Accused Worker for Saddam on Trial in LA

LOS ANGELES (AP) — An Iraqi-born American citizen collected intelligence on Assyrian groups in the United States for former Iraqi dictator Saddam Hussein without notifying government officials here, a prosecutor said Tuesday during opening statements in a federal trial.

William Shaoul Benjamin, 67, of Los Angeles, is charged with conspiracy, failing to register as an agent of a foreign government and making false statements. If convicted, he faces up to 20 years in prison.

Assistant U.S. Attorney Judith Heinz said Benjamin was a paid informant for the Iraqi Intelligence Service, the foreign intelligence arm of the Iraqi government, after coming to the U.S. in 1992.

Benjamin was to “penetrate and monitor” expatriate Assyrian Christians, a minority group in Iraq, Heinz said.

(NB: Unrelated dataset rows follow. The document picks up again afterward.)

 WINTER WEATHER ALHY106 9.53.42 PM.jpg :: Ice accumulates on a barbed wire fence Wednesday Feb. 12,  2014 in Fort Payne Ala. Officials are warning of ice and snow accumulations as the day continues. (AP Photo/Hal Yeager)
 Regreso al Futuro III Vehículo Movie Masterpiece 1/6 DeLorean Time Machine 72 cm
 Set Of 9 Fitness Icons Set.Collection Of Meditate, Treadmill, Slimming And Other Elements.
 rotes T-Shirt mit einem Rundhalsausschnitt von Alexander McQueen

Documents uncovered in Iraq will show that Benjamin was “loyal and reliable” to Saddam, Heinz said.

“There is a spy in the room,” Heinz said. “The spy is William Shaoul Benjamin.”

Defense attorney James Blatt deferred on an opening statement and declined to comment as he left the courtroom.

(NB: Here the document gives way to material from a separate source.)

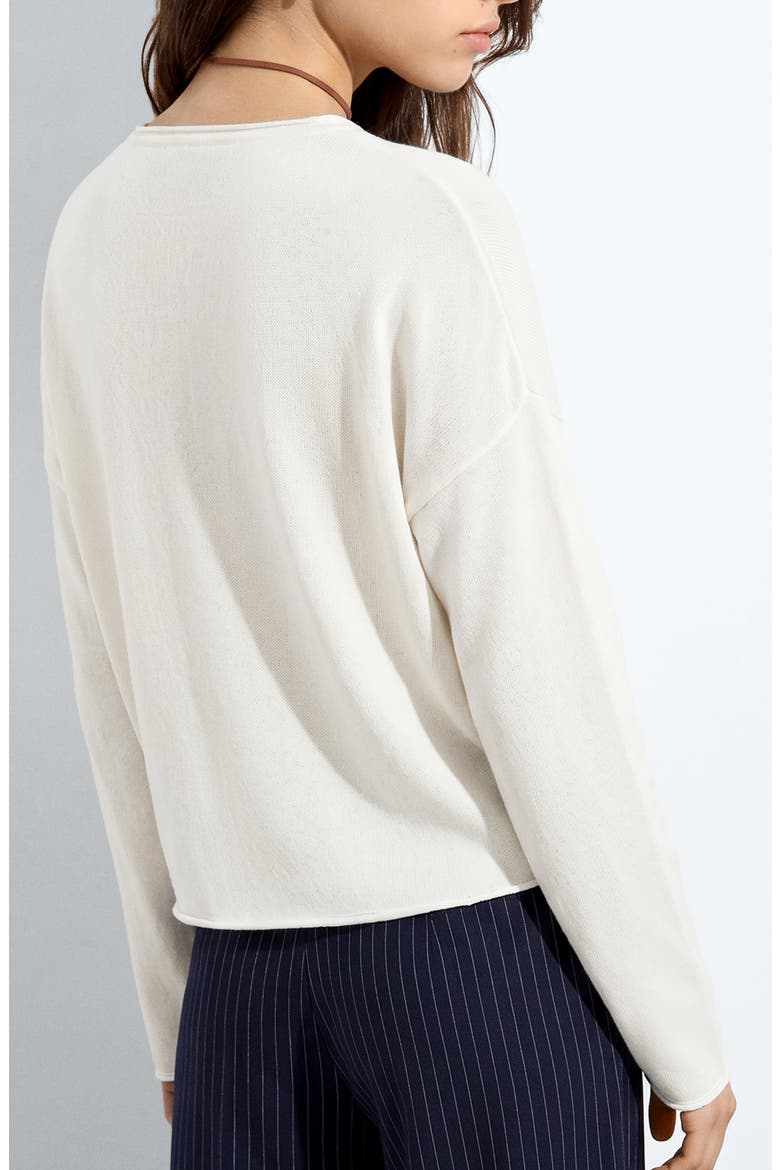 V-Neck Sweater, Alternate, color, WHITE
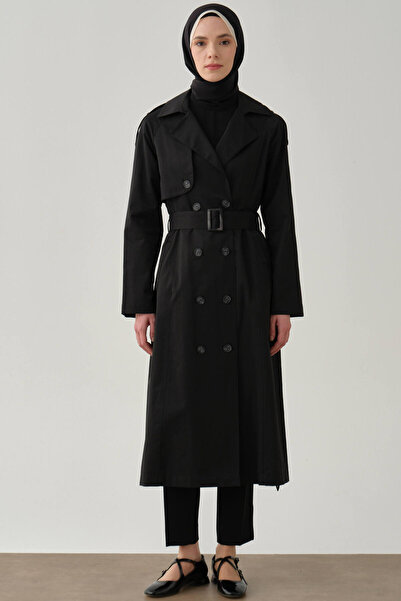 Tuğba Kemerli Apoletli Trençkot - Siyah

Benjamin, who wore headphones to listen through an interpreter, is Assyrian Christian. Prosecutors portray him in court documents as a traitor to his own community who first worked for the IIS in Iraq and as a paid informant between 1993 and 2001.

Benjamin received separate payments of $2,000, $2,500 and $4,000 between 1994 and 1996, as well as two bottles of whiskey from IIS officers, court documents show.

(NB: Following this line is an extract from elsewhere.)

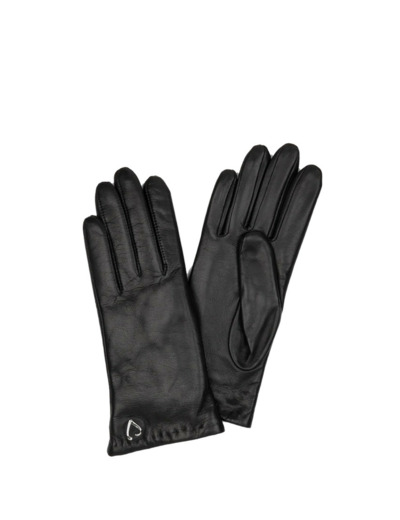 Lancaster Gants Femme En Cuir Et Cachemire Taille 7,5 Noir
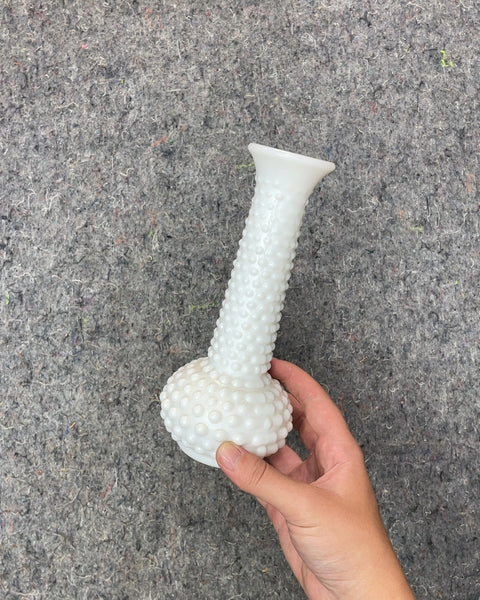 White Hobnail Milk Glass Vase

FBI agent Ted Oehniger testified that he recovered Iraqi files from an opposition group known as the Assyrian Democratic Movement in 2003 showing that Benjamin worked for Iraqi intelligence while living in the United States.

Oehniger recognized Benjamin’s picture in one of the files because he had interviewed him in 1999 after receiving an anonymous letter accusing Benjamin of being part of a terrorist organization.

The allegations were never substantiated, Oehniger said. He testified that Benjamin was cooperative and became a source for the FBI for a short time.

Prosecutors also accused Benjamin of failing to provide details about working for Saddam’s government when he applied for U.S. citizenship in 2001 and falsely declaring that he had renounced allegiance to Iraq.